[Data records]
□ □ □ □
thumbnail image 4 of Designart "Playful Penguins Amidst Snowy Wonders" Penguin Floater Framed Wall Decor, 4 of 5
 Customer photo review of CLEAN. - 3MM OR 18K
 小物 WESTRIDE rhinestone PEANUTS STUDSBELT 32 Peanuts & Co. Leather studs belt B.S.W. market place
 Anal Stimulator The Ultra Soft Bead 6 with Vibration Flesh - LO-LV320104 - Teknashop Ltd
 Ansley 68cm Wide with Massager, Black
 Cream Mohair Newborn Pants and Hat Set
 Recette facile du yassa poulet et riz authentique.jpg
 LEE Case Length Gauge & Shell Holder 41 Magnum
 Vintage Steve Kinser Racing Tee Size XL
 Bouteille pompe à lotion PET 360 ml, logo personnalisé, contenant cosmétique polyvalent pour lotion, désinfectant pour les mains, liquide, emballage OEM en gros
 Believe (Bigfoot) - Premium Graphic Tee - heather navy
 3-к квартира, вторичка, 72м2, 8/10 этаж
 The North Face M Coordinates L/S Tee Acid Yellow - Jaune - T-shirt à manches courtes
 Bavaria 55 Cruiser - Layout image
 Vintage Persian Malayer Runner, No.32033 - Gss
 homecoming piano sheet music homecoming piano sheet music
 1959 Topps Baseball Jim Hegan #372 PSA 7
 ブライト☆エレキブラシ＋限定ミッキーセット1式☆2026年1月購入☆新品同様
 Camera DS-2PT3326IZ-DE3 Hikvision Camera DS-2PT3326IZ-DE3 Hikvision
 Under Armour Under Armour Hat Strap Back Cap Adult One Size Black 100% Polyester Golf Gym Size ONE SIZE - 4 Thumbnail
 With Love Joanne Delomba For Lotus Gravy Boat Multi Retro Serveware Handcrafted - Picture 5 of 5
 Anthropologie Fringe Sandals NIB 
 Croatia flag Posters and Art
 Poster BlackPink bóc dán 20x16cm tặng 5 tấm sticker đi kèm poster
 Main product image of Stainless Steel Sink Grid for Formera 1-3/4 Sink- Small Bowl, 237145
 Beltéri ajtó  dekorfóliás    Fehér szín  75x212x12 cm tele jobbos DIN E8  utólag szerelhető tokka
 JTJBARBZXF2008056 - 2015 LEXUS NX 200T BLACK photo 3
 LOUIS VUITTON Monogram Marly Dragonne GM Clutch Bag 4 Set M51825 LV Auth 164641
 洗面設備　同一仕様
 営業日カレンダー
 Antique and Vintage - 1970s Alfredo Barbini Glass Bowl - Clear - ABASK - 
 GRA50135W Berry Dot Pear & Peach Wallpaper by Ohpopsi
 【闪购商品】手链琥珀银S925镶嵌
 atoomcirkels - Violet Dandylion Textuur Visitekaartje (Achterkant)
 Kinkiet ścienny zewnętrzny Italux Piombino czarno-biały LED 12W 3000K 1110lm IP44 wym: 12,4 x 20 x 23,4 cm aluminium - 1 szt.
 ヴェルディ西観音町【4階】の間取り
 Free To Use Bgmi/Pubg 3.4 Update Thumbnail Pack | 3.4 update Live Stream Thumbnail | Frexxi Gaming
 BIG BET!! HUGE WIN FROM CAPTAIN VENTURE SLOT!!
□ □ □ □
| WHAT YOU WILL DO |
Among the records above, which lines hold the word "Vintage"? Copy each one.

| EXPECTED ANSWER |
 Vintage Steve Kinser Racing Tee Size XL
 Vintage Persian Malayer Runner, No.32033 - Gss
 Antique and Vintage - 1970s Alfredo Barbini Glass Bowl - Clear - ABASK - 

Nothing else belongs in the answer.